§ Data for this task:
/---

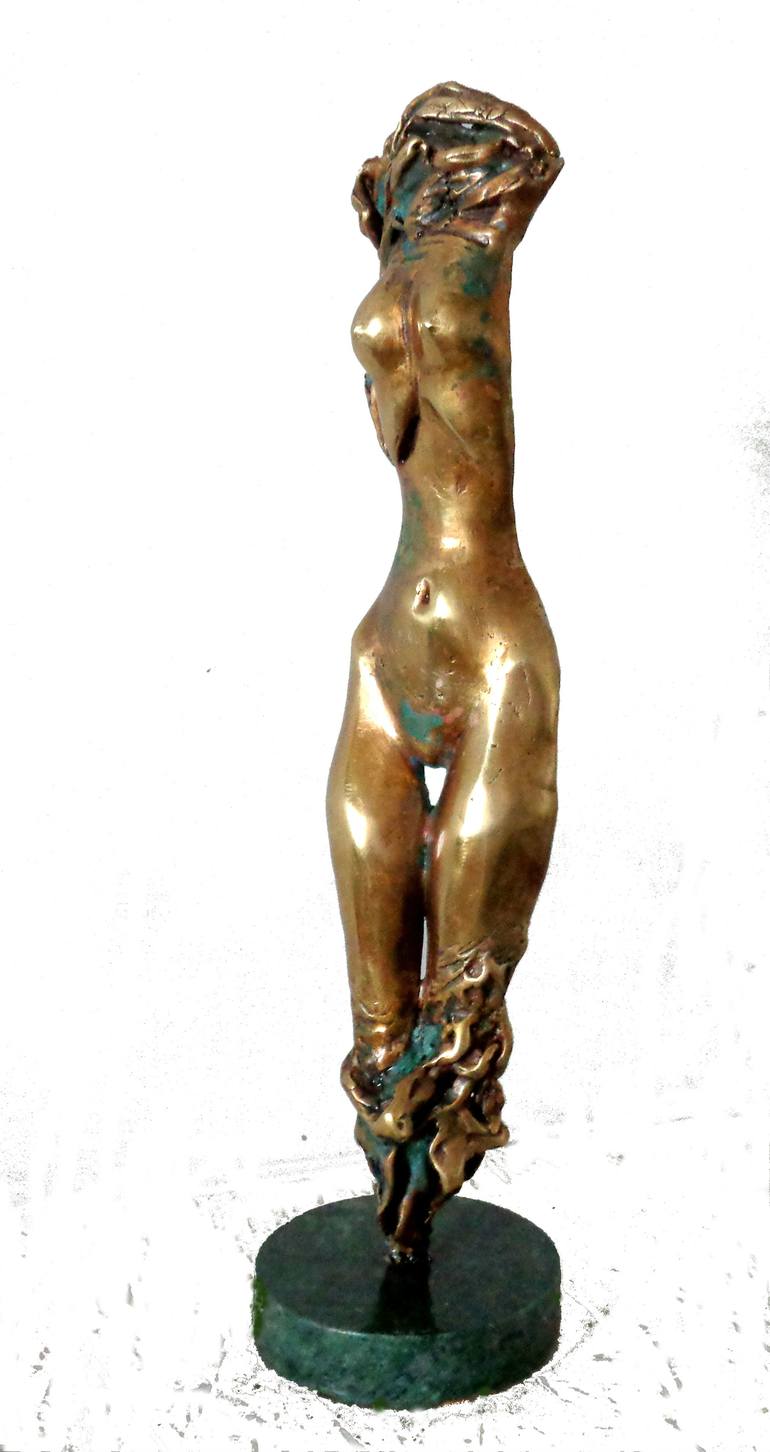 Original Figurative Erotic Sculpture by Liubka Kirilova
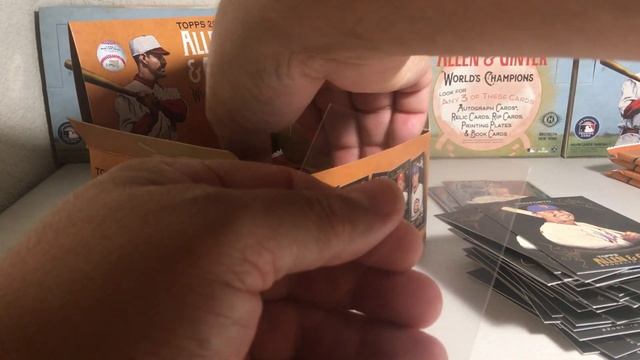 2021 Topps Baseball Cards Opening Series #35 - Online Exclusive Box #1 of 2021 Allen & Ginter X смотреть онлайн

\---
/---

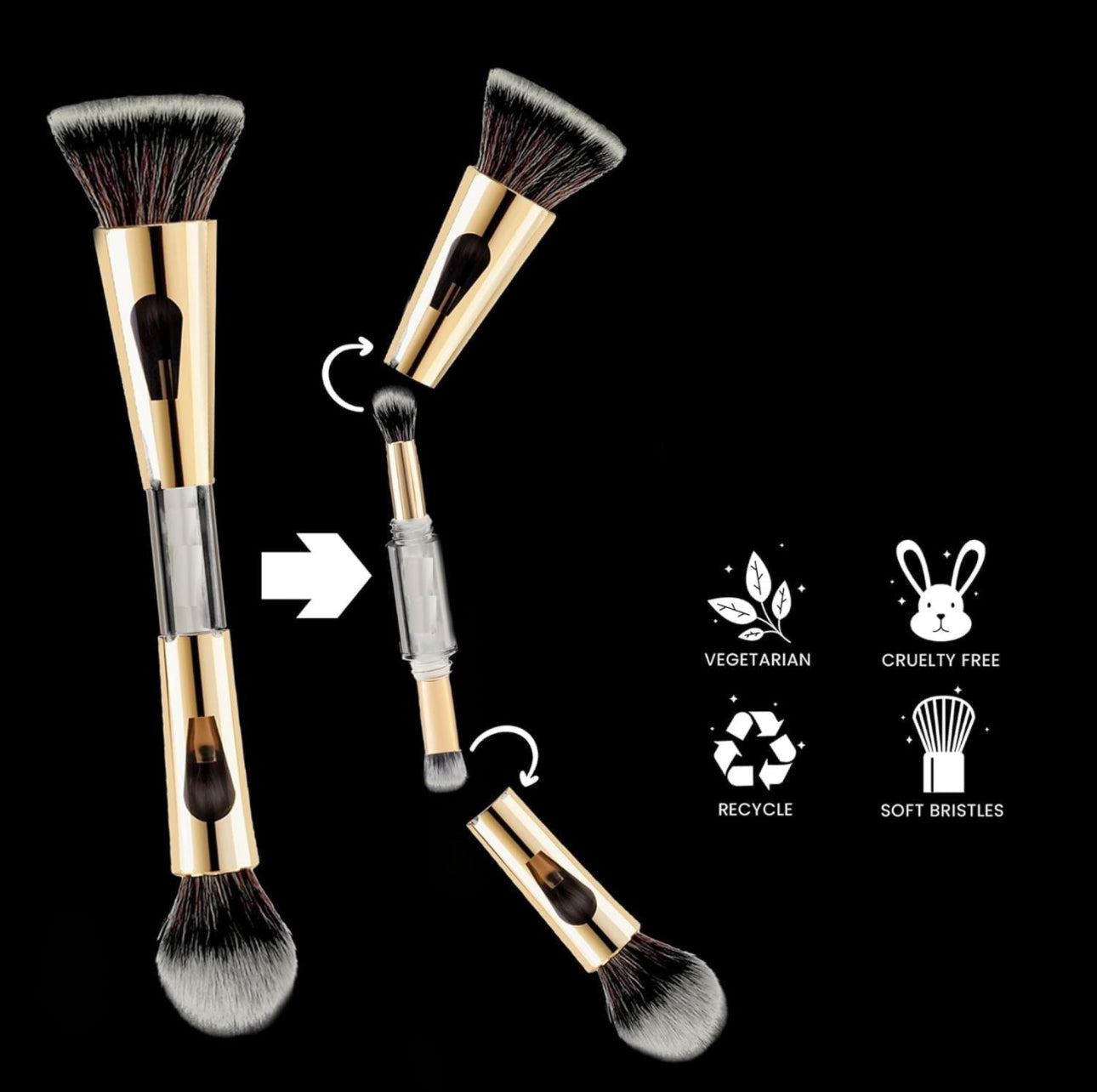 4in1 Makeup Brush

\---
/---

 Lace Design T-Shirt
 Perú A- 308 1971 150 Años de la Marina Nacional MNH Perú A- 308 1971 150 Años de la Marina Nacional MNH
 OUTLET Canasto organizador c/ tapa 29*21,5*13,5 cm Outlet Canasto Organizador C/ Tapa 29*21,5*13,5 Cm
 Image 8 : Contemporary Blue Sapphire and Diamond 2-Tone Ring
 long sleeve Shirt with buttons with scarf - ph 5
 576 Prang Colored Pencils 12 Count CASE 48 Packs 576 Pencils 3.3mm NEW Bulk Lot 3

\---

§ Task requirements: Within the listing above, write out the stretch from the line with "Original Figurative Erotic" through the line with "2021 Topps Baseball" exactly. Any pictures are to be left out.

§ Solution to this exercise:
 Original Figurative Erotic Sculpture by Liubka Kirilova
 2021 Topps Baseball Cards Opening Series #35 - Online Exclusive Box #1 of 2021 Allen & Ginter X смотреть онлайн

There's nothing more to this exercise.